Janek i Wanda zajmują pokoik w starej willi. Pewnego dnia otrzymują przydział na nowe mieszkanie.
Pozostałe
  • Taśma filmowa mierzyła 2727 metrów.
  • Początkowo komedia miała nosić tytuł „Lawina”.
  • Wpływy z biletów wyniosły około szesnastu (ówczesnych) milionów złotych.
  • W Polsce film obejrzało około trzech milionów widzów, a za granicą – około dziewięciu milionów.
  • Aby urealnić fabułę, twórcy filmu konsultowali treść scenariusza z prawnikiem.
  • Scena, kiedy Janek Filikiewicz wchodzi na dach, może być uznana za nawiązanie do filmów z Busterem Keatonem i Haroldem Lloydem. Odgrywana była ona bezpośrednio przez Jacka Fedorowicza bez udziału kaskadera.
  • W opinii krytyków filmowych recenzujących film przeważały określenia tej produkcji jako prymitywnej i schlebiającej gustom drobnomieszczańskim.
  • W 2008 roku reżyser został uhonorowany nagrodą specjalną „Złota Kaczka 100-lecia Polskiego Kina” w kategorii reżyser komediowy stulecia.
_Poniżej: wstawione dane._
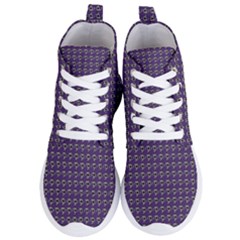 Luv Machine Robot Houndstooth Pattern (purple) Women s Lightweight High Top Sneakers by emilyzragz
  • Ostatecznie wybierając tytuł filmu, Bareja zdecydował się na kompilację dwóch przysłów: „Nie ma róży bez kolców” i „Nie ma dymu bez ognia”, co miało sugerować degrengoladę języka zastępowanego nowomową. W filmie padają także słowa: „Nie czas żałować róż, gdy płoną kolce” (mówi to Jerzy Dąbczak) oraz „róża bez dymu” (w ustach administratora).
  • Film został zrealizowany wyłącznie we wnętrzach naturalnych, bez specjalnych dekoracji.
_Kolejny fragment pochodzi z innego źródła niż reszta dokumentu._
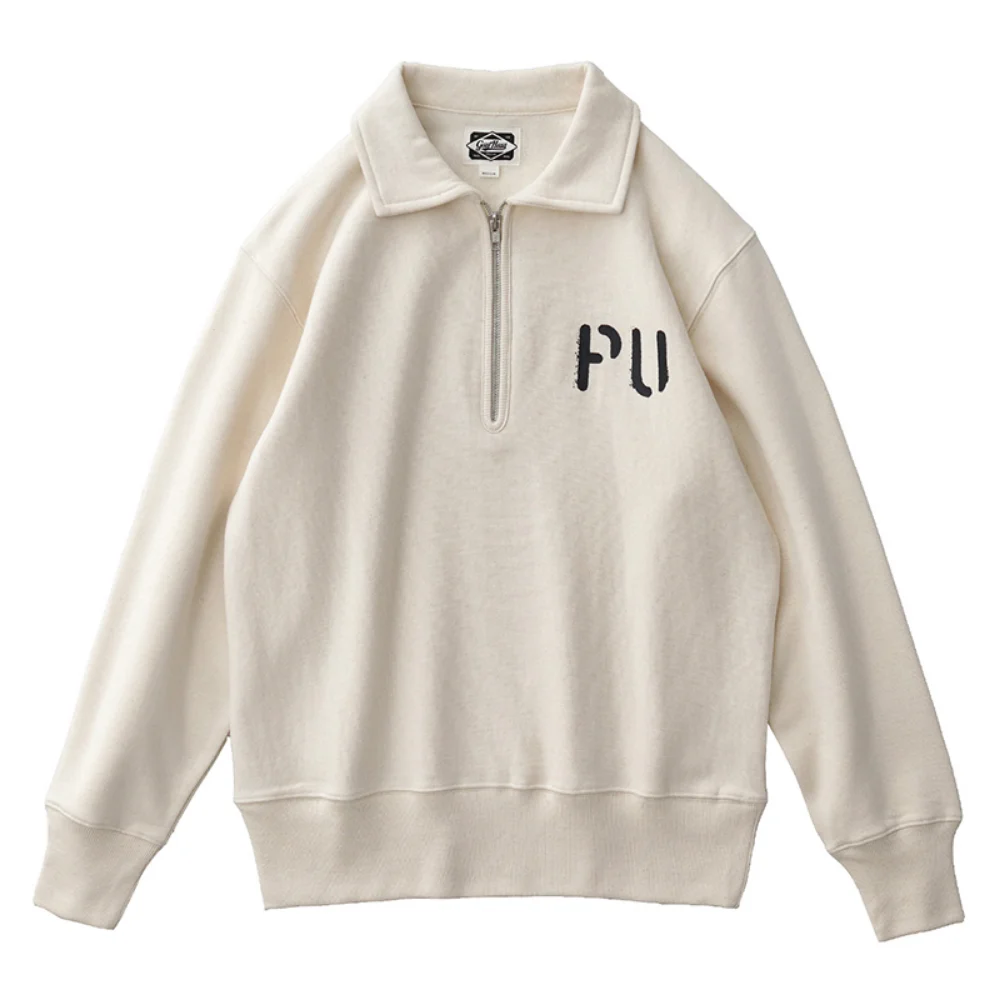 

Semi zipper jacket men's autumn and winter American retro leisure pure cotton Plush Lapel sweater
  • Na szkolnej tablicy widnieje cytat: „Bo kto nie był ni razu człowiekiem, temu człowiek nic nie pomoże”. Pochodzi on z II części „Dziadów” Adama Mickiewicza.
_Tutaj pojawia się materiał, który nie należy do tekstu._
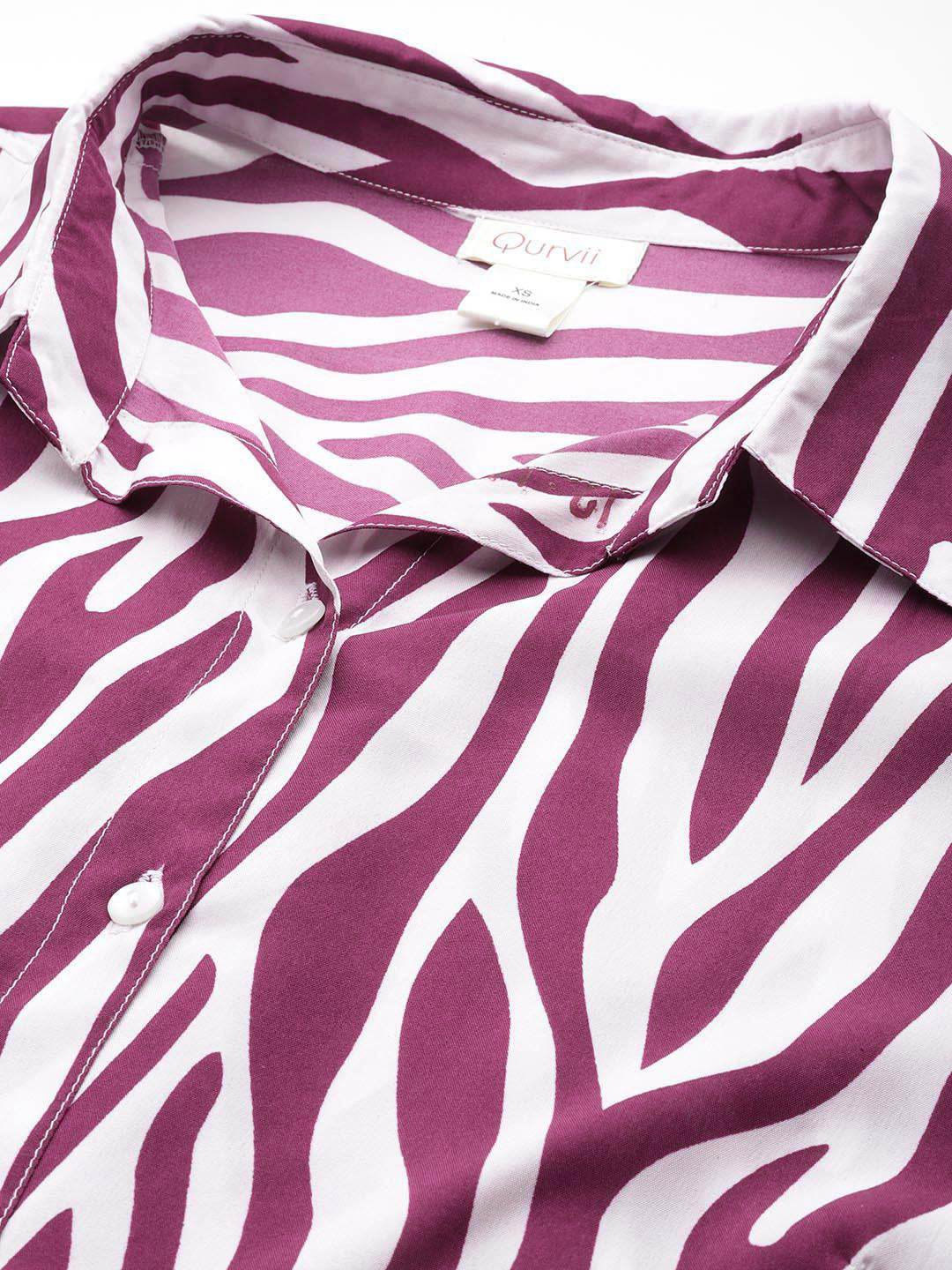 Wine Zebra print full placket Resort shirt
  • W filmie zostali wspomniani piosenkarze i piosenkarki – Jerzy Połomski, Urszula Sipińska, Stenia Kozłowska, Waldemar Kocoń.
  • Tytuł filmu zostaje w nim dwukrotnie wypowiedziany – przez milicjanta, którego przyprowadził administrator, oraz przez znajomego ojca Lusi.
  • Janek Filikiewicz trzyma zaskórniaki w książce „Kapitał” (pełny tytuł brzmi „Kapitał. Krytyka ekonomii politycznej”, niem. „Das Kapital. Kritik der politischen Ökonomie”). Jest to dzieło Karola Marksa.
  • Jerzy Dąbczak śpiewa początkowy fragment piosenki „Czerwony autobus”.
  • Jerzy Dąbczak wypowiada w filmie słowa: „Bo czasem żartujemy”. „Teraz poważnie, bo czasem sobie żartujemy” było powiedzonkiem Jerzego Dobrowolskiego.